** WHAT NEEDS TO BE DONE **
Pictures in the listing below are skipped, while the lines from the "29354 Middleborough 160, Hayward, CA 94544" line through the "航拍古色古香中国建筑四合院屋顶视频的预览图" line are returned word for word.

** TASK INPUT **

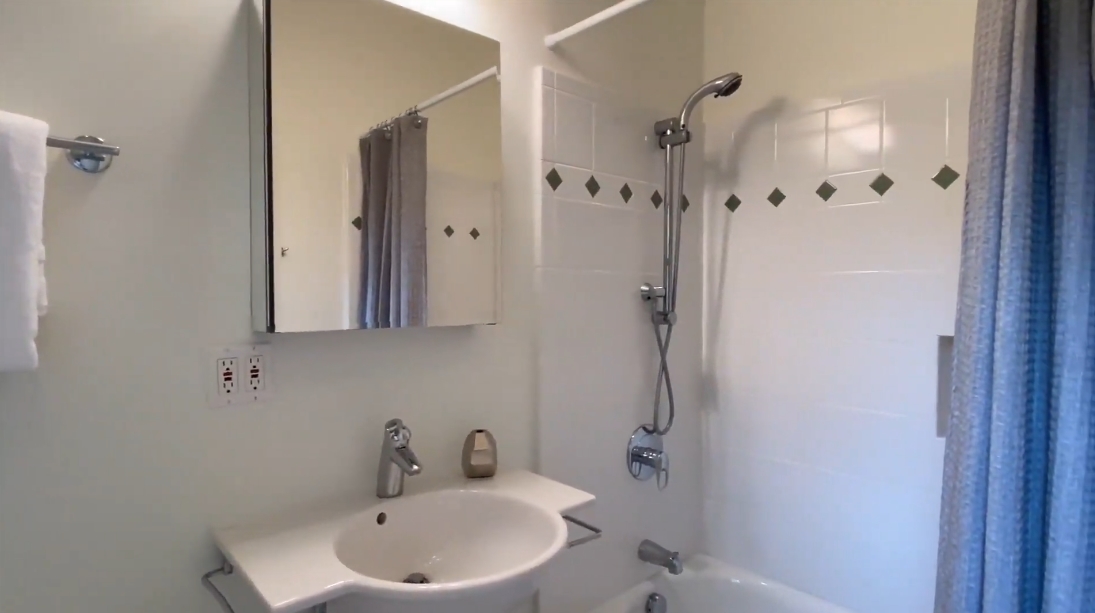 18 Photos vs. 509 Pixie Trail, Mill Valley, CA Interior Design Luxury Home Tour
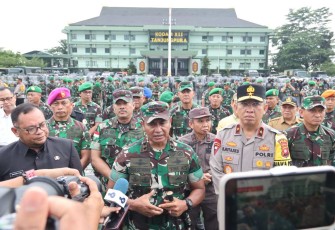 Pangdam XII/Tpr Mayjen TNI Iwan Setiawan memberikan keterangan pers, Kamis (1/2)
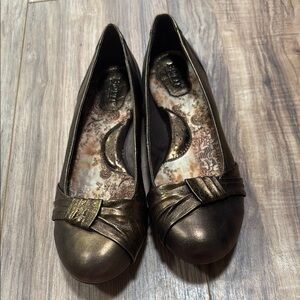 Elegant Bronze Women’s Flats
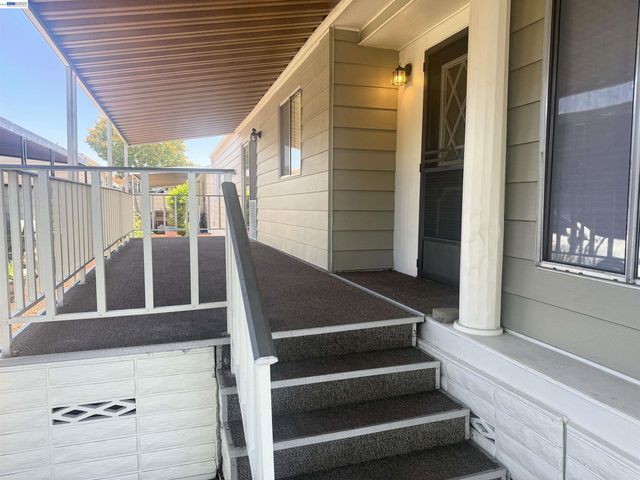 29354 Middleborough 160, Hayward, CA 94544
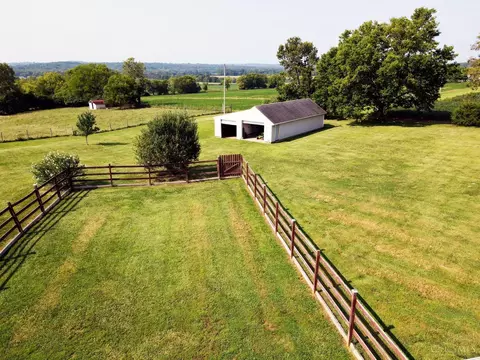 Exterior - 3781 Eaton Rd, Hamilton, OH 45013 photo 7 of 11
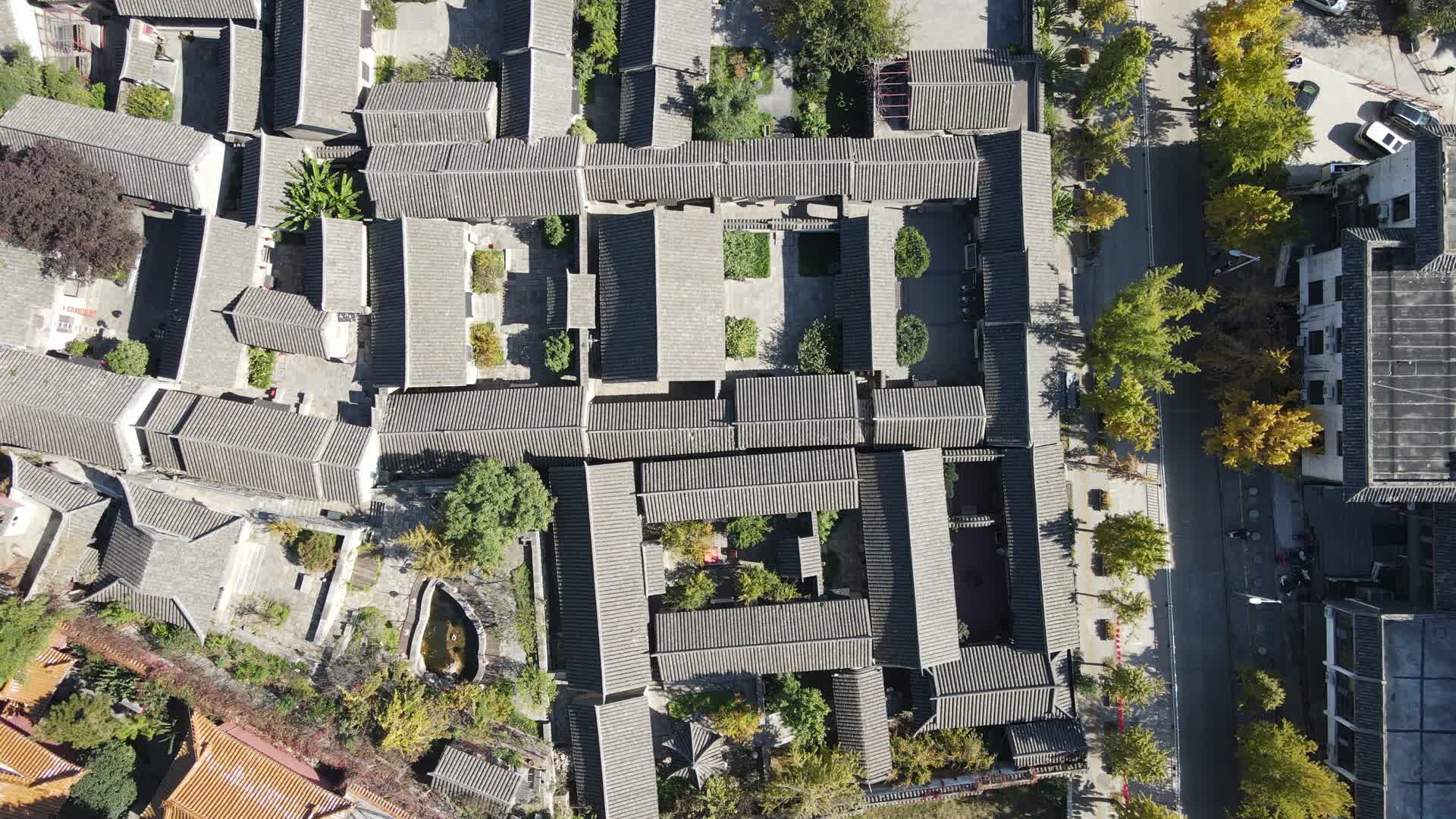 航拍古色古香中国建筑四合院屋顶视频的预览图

* * *

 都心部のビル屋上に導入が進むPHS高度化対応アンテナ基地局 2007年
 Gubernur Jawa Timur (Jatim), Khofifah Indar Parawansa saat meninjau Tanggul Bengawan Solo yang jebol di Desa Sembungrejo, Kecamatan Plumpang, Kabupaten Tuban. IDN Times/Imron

--

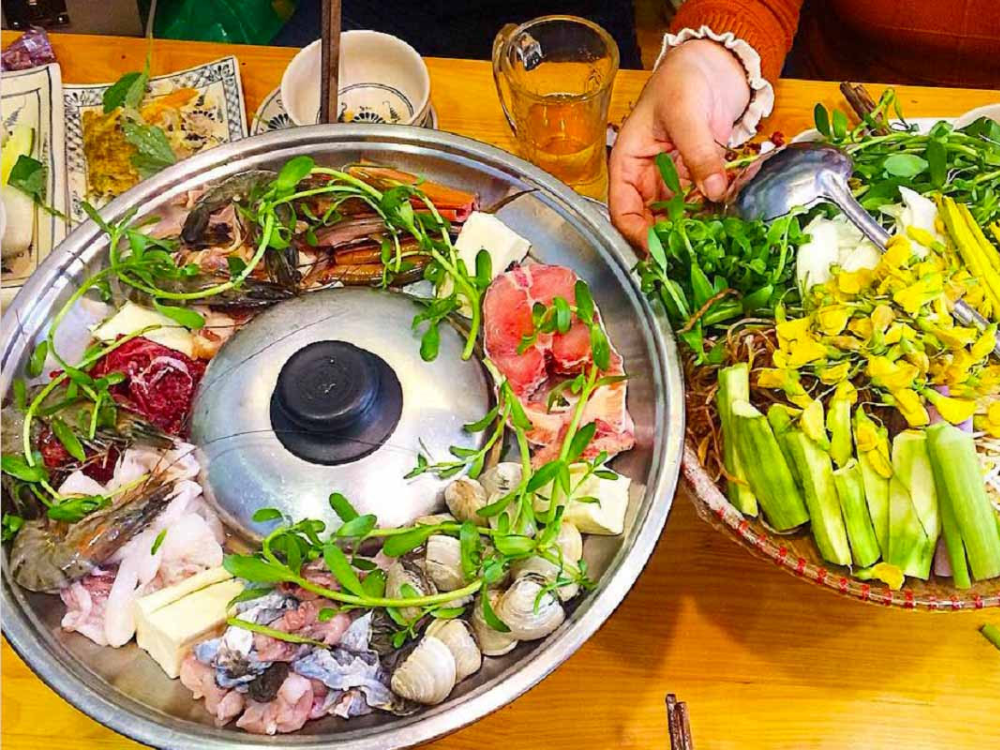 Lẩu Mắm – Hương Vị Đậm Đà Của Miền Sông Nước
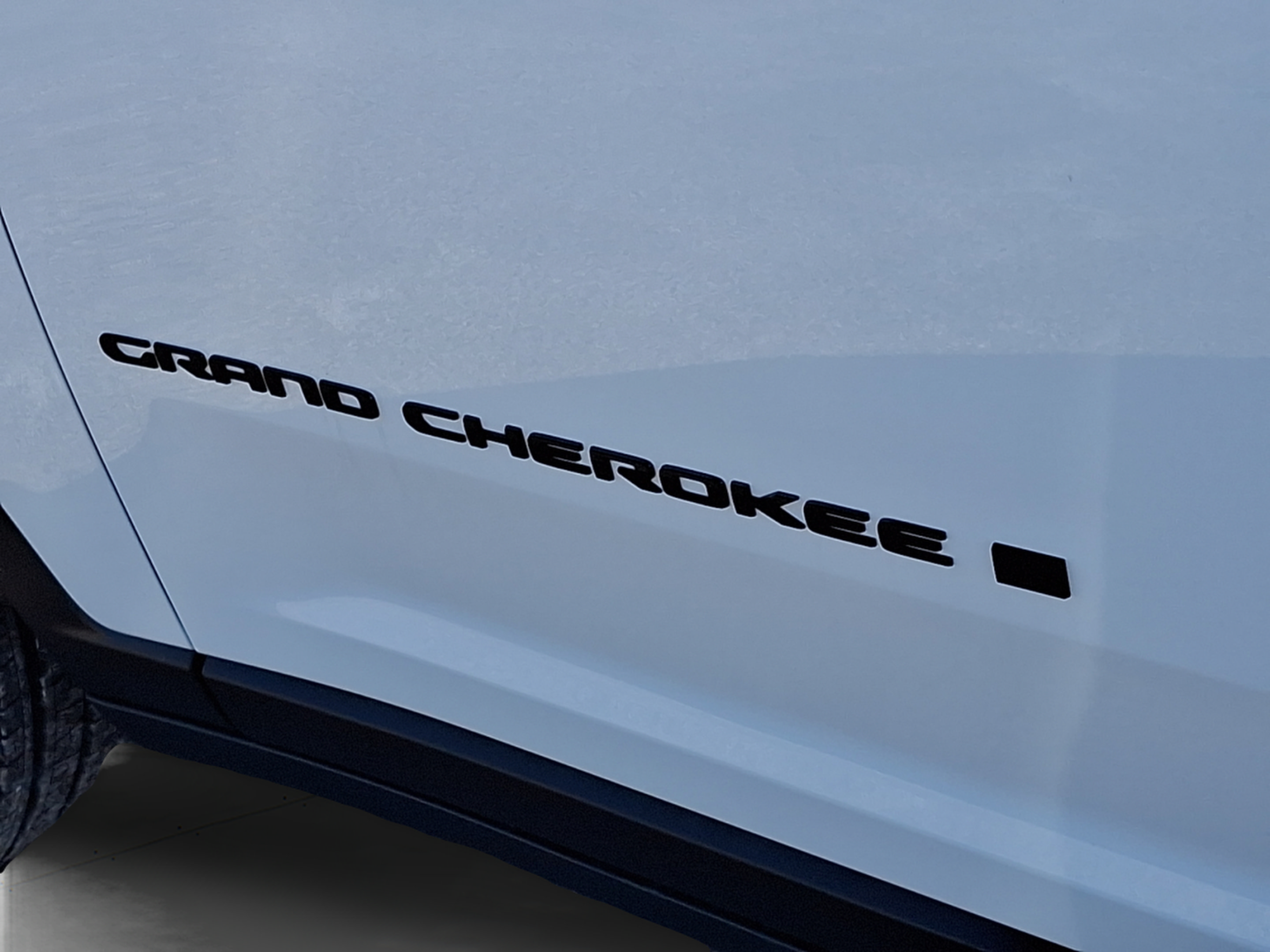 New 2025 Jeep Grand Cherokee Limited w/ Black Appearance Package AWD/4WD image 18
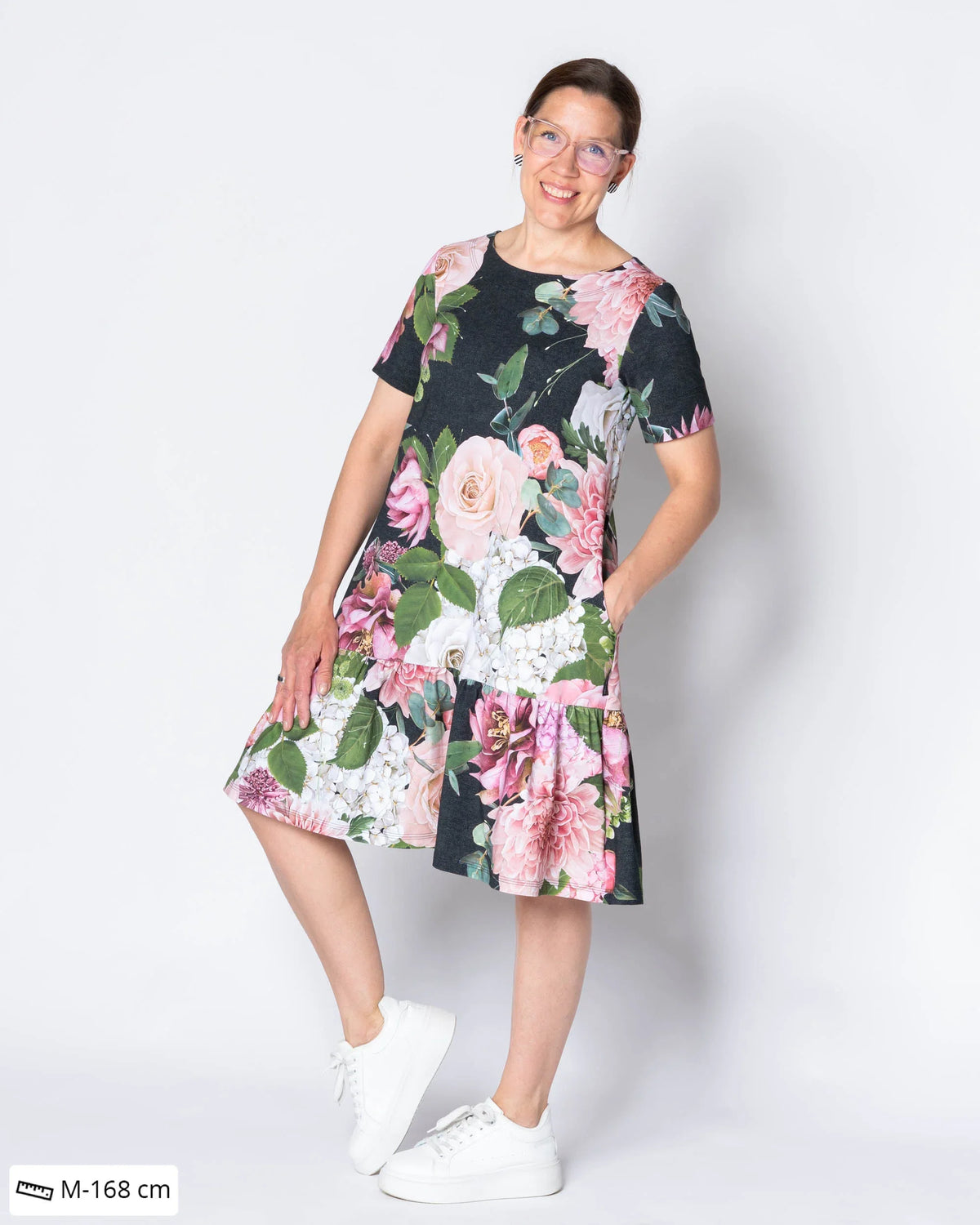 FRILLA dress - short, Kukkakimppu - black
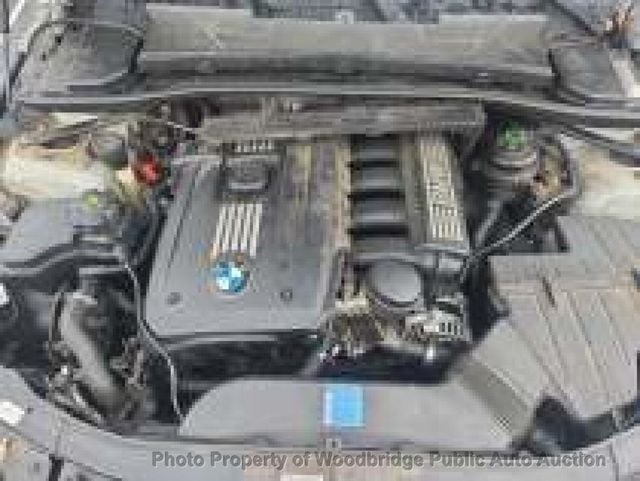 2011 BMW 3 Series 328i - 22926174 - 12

** ANSWER AREA **
 29354 Middleborough 160, Hayward, CA 94544
 Exterior - 3781 Eaton Rd, Hamilton, OH 45013 photo 7 of 11
 航拍古色古香中国建筑四合院屋顶视频的预览图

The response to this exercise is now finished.